The goal here is an exact copy of the entries below, without their pictures.

Records from a data source
::::
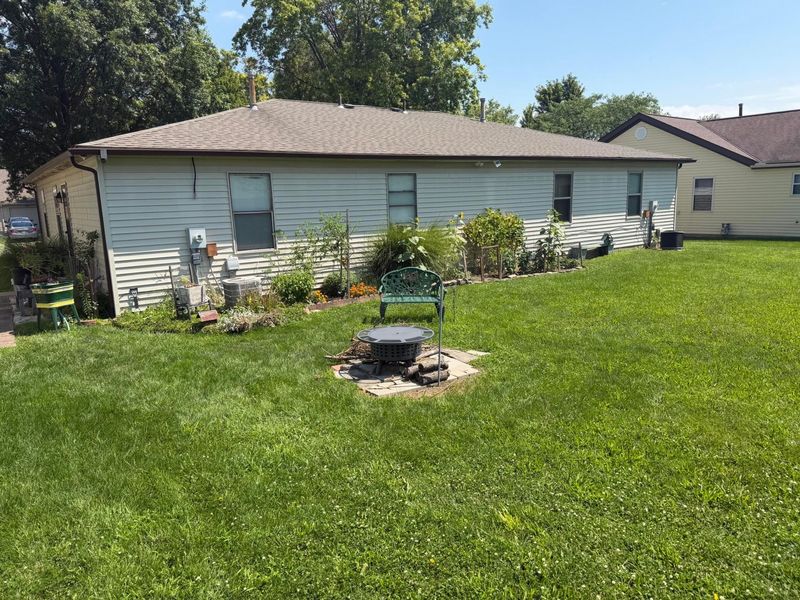2305 Deerfield Drive, Grove City, OH 43123 Photo 4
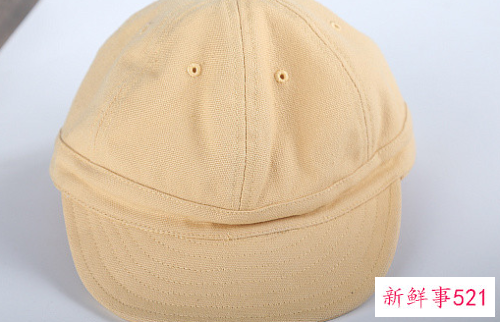 红色衣服怎么搭配帽子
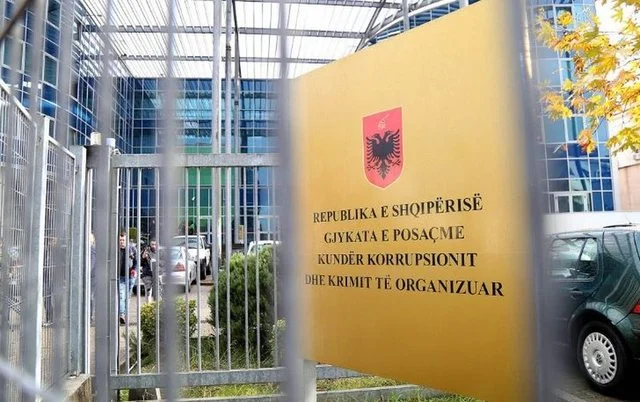 Zgjedhjet në lupën e SPAK, aksion në 4 qytete, kontrollohen 12 persona dhe 9 automjete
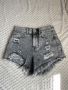 Дамски къси панталони, снимка 1 - Къси панталони и бермуди - 45513159
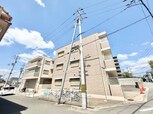ラペルルエスト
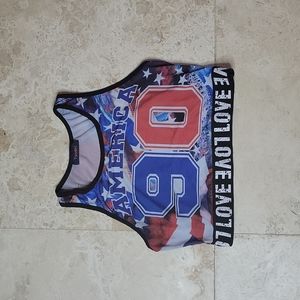 Tmani  America love sports bra L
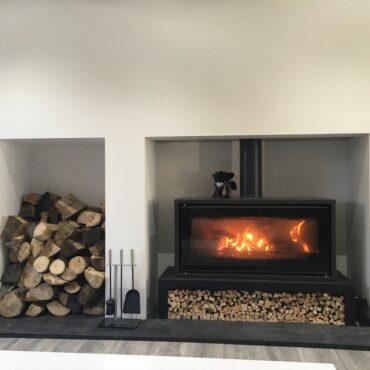 Stovax Studio 2 Freestanding on a Stovax Bench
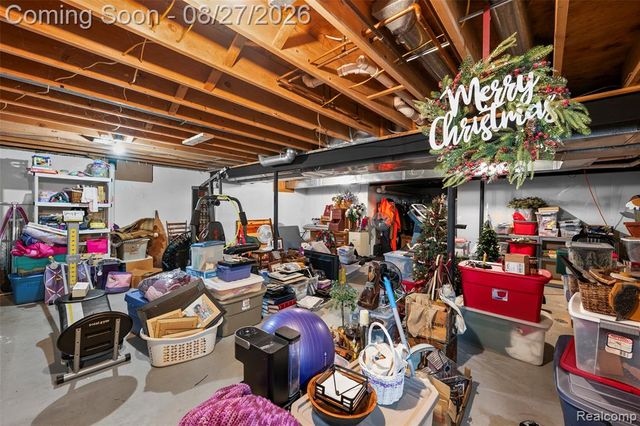 795 Vivian Lane, Oxford, MI 48371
::::
- **Task response**:
2305 Deerfield Drive, Grove City, OH 43123 Photo 4
 红色衣服怎么搭配帽子
 Zgjedhjet në lupën e SPAK, aksion në 4 qytete, kontrollohen 12 persona dhe 9 automjete
 Дамски къси панталони, снимка 1 - Къси панталони и бермуди - 45513159
ラペルルエスト
 Tmani  America love sports bra L
 Stovax Studio 2 Freestanding on a Stovax Bench
 795 Vivian Lane, Oxford, MI 48371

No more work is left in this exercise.